TASK ITEM: Across the data below, how many lines have the word "from" in them? Give the number and nothing else.

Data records
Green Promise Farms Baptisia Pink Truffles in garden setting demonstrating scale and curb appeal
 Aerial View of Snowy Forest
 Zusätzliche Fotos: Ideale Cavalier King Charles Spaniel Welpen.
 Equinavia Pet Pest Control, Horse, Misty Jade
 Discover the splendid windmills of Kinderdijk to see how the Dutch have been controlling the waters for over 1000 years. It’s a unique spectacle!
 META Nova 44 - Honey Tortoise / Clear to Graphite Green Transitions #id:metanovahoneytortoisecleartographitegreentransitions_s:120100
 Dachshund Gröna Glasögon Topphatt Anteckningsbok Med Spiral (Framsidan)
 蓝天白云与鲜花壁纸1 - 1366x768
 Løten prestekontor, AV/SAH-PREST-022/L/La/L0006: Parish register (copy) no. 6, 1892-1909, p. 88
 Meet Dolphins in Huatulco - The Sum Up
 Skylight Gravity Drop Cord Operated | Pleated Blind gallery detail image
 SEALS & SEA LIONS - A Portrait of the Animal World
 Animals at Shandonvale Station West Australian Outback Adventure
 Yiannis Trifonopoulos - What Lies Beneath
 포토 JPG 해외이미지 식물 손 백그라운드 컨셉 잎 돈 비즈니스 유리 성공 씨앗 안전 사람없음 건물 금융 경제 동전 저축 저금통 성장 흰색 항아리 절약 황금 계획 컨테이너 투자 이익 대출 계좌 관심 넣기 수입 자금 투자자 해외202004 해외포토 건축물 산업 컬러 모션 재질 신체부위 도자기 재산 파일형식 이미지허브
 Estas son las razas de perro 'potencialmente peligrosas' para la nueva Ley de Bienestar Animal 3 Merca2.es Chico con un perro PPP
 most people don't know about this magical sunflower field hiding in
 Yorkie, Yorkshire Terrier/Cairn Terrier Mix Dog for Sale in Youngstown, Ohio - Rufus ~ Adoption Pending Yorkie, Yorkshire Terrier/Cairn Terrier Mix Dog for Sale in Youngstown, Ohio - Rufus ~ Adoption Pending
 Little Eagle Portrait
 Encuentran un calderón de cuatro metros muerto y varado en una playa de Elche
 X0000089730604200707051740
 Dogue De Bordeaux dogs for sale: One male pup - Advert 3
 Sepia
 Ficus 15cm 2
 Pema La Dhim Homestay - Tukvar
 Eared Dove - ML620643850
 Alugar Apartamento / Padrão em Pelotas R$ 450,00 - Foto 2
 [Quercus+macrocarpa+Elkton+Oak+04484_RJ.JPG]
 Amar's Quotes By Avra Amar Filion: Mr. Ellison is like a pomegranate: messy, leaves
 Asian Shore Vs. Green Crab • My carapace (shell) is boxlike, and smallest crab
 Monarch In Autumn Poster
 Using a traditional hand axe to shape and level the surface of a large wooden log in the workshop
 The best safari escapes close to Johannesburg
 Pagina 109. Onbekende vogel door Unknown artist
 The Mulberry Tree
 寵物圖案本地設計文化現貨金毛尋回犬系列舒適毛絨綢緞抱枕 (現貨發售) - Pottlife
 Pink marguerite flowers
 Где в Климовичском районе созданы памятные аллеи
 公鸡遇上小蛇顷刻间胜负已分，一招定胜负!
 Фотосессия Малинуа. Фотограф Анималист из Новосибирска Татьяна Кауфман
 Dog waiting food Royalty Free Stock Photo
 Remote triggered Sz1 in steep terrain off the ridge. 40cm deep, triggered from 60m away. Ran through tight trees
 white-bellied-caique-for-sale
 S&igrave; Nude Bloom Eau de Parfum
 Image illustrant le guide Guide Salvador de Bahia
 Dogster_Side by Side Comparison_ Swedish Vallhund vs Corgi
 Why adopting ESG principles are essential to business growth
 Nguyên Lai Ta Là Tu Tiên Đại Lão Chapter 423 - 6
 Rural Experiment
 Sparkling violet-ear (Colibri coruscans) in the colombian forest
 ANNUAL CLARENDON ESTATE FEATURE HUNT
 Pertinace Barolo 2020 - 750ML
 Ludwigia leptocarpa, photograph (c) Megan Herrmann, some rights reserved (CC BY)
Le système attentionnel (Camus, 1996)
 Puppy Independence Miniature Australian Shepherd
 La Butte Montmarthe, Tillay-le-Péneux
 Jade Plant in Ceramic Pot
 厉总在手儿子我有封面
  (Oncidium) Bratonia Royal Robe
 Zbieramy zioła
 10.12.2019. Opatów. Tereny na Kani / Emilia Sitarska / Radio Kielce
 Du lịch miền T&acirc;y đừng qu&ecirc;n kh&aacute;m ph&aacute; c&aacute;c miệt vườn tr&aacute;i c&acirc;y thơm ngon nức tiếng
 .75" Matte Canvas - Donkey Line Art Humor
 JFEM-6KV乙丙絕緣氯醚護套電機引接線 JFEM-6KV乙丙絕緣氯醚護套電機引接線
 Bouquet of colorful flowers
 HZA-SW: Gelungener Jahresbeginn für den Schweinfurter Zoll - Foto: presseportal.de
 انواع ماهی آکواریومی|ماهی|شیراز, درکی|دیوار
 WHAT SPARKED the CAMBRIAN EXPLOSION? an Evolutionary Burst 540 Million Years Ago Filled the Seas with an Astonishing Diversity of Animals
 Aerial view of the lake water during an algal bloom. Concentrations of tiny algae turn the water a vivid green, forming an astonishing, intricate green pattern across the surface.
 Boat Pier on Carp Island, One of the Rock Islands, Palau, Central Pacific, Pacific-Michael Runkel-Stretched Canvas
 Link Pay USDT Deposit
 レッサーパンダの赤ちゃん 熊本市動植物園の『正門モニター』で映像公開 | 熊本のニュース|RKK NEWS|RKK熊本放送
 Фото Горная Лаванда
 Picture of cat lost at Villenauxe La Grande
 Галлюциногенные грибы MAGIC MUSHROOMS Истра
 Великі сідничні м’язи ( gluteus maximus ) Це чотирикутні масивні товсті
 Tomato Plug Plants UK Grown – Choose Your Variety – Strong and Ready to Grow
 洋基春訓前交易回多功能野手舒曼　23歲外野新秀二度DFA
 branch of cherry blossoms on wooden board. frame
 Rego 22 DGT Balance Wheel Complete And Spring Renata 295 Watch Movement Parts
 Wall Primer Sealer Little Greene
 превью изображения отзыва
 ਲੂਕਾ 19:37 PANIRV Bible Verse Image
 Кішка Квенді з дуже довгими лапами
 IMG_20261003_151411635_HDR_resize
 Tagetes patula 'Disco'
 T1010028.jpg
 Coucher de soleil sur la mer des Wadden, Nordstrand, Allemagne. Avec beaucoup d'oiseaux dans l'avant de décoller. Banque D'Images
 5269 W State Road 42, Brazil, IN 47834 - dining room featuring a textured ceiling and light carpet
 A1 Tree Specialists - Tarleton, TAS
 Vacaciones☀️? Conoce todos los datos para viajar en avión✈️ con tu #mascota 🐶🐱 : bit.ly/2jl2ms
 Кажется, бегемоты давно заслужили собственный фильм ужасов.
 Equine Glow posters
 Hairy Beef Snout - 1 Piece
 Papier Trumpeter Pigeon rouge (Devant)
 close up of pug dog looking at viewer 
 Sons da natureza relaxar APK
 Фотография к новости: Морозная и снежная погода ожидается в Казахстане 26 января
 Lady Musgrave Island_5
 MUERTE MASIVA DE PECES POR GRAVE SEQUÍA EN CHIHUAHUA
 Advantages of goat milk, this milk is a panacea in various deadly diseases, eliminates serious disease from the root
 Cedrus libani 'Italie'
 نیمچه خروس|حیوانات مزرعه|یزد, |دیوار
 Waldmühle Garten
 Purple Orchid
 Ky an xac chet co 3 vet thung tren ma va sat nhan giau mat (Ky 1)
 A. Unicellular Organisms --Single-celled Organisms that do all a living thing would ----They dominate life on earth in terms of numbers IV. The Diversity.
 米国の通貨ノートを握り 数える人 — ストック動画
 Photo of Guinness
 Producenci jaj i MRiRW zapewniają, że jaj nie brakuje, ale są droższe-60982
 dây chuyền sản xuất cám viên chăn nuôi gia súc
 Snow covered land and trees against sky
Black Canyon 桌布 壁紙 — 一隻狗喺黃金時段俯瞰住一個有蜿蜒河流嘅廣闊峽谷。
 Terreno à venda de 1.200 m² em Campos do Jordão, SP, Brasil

RESULT BELOW: 2